When I finished completely configuration and installation RAC, suddendly, one of server had got hardware error, then the Hitachi team replaced one new but 4 CPUs instead of 2. Now, I could not open cluster database due to the different between them.

I've not got any experience of this situation, so, may I ask one question:

- Can I reduce the CPU count (virtual cores) in database through pfile, spfile, then open the cluster database again? Example, instead of 64, I will replace 32?

Thank you!

[Updated on: Mon, 03 November 2014 20:18]

Report message to a moderator

Re: The CPU number between 2 nodes [message #626826 is a reply to message #626824] Mon, 03 November 2014 23:46 Go to previous messageGo to next message
trantuananh24hg
Messages: 744
Registered: January 2007
Location: Ha Noi, Viet Nam
Senior Member
I have just finished fix problem by reducing number of cpu count. The minimum core is 24, so, decreased the parameter cpu_count to 24, then restart database, that's ok.
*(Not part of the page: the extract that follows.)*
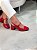 Sapato Boneca Tali Vermelho Verniz - Imagem 8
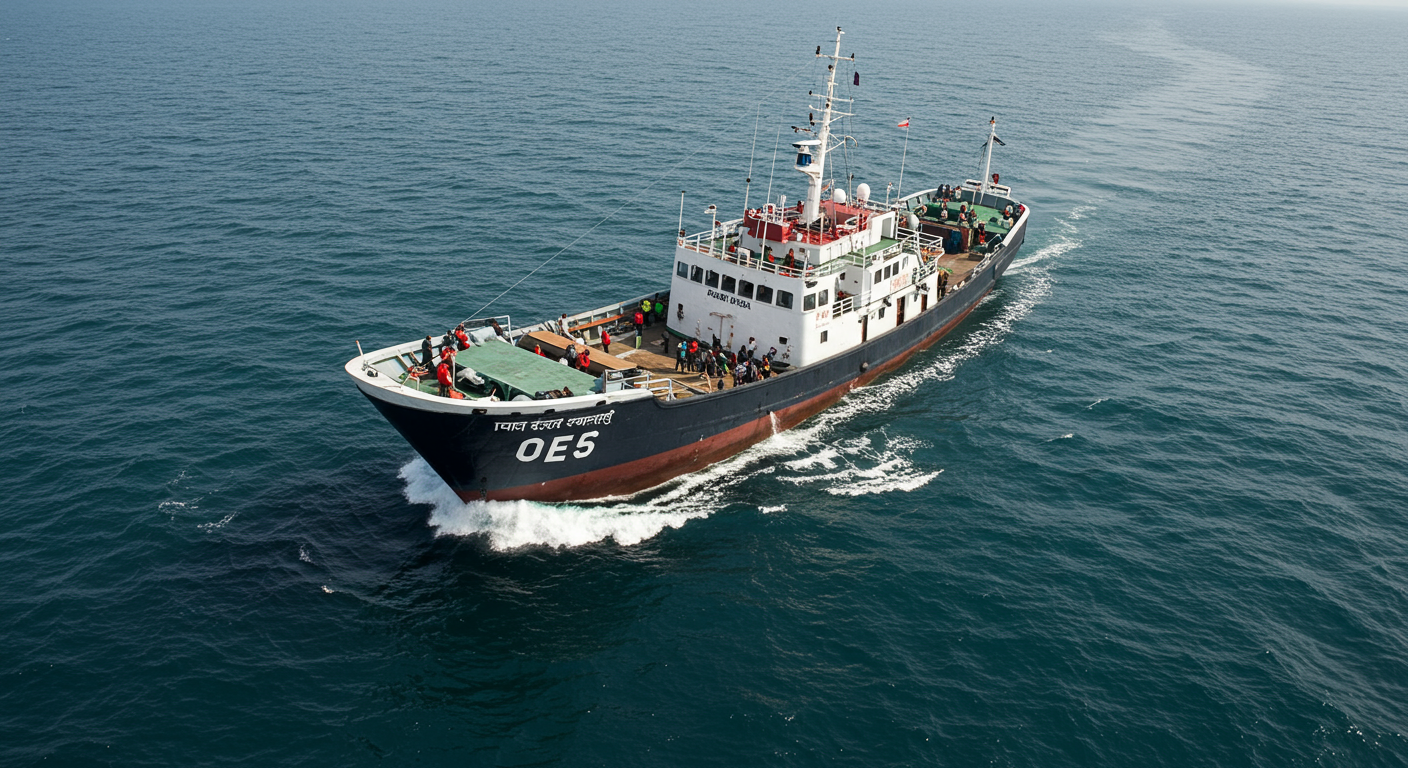 インド、EEZ漁業規則でブルーエコノミーを加速:持続可能な水産物輸出の新時代へ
However, I wonder about some components such as parallel query. As document said if changing the cpu_count greater than 0, so, it disable dynamic and force to use the number value changed in database. However, why does Oracle know the cores belonged to which physical cpu to use? I think or I guess, the virtual core depend to physical CPU which are couple one.

Thank you!

[Updated on: Tue, 04 November 2014 00:32]

Report message to a moderator

Re: The CPU number between 2 nodes [message #626834 is a reply to message #626826] Tue, 04 November 2014 01:11 Go to previous messageGo to next message
John Watson
Messages: 8922
Registered: January 2010
Location: Global Village
Senior Member
I am not aware of any issues caused by different CPU count between nodes in a cluster. Are you certain that this was the problem?

What is definitely a problem is that the hardware upgrade has increased your licensing requirement, from 4 CPUs to 6 (multiplied by the core factor). This may be hundreds of thousands of dollars.
Re: The CPU number between 2 nodes [message #626835 is a reply to message #626824] Tue, 04 November 2014 01:33 Go to previous messageGo to next message
trantuananh24hg
Messages: 744
Registered: January 2007
Location: Ha Noi, Viet Nam
Senior Member
Thank you, John.

Please forgive my bad English, I had not any idea of word calling about this situation, sometime I call as problem, another time, I call as a trouble. So, please correct me.

As my below post, I wonder how does Oracle do process a parallel in this server which has been being reduced the CPU_COUNT parameter? How does Oracle know exactly which the thread done by physical CPU's core? Let me take an example:

- Force to use Parallel SQL execute on statement, assume 2 threads. The one thread will be invoked by one of CPU's core id 20, right, this core is belonged to CPU number 2. What is about the remain thread? It will belong to core id 1 which belonged to physical CPU number 0 or it is core id 23 - physical CPU number 4?
- I guess, due to server's policy, a couple CPUs will be used through 0-1 and 2-3 instead of 0-2 and 1-3, am I right?

And your important comment, the main problem may be hundred of thousands dollars appear after that Very Happy

May I ask one more question: Does Oracle count $ as based on physcial CPU (or core) which in server or which use really in Database?

Thank you!

[Updated on: Tue, 04 November 2014 01:37]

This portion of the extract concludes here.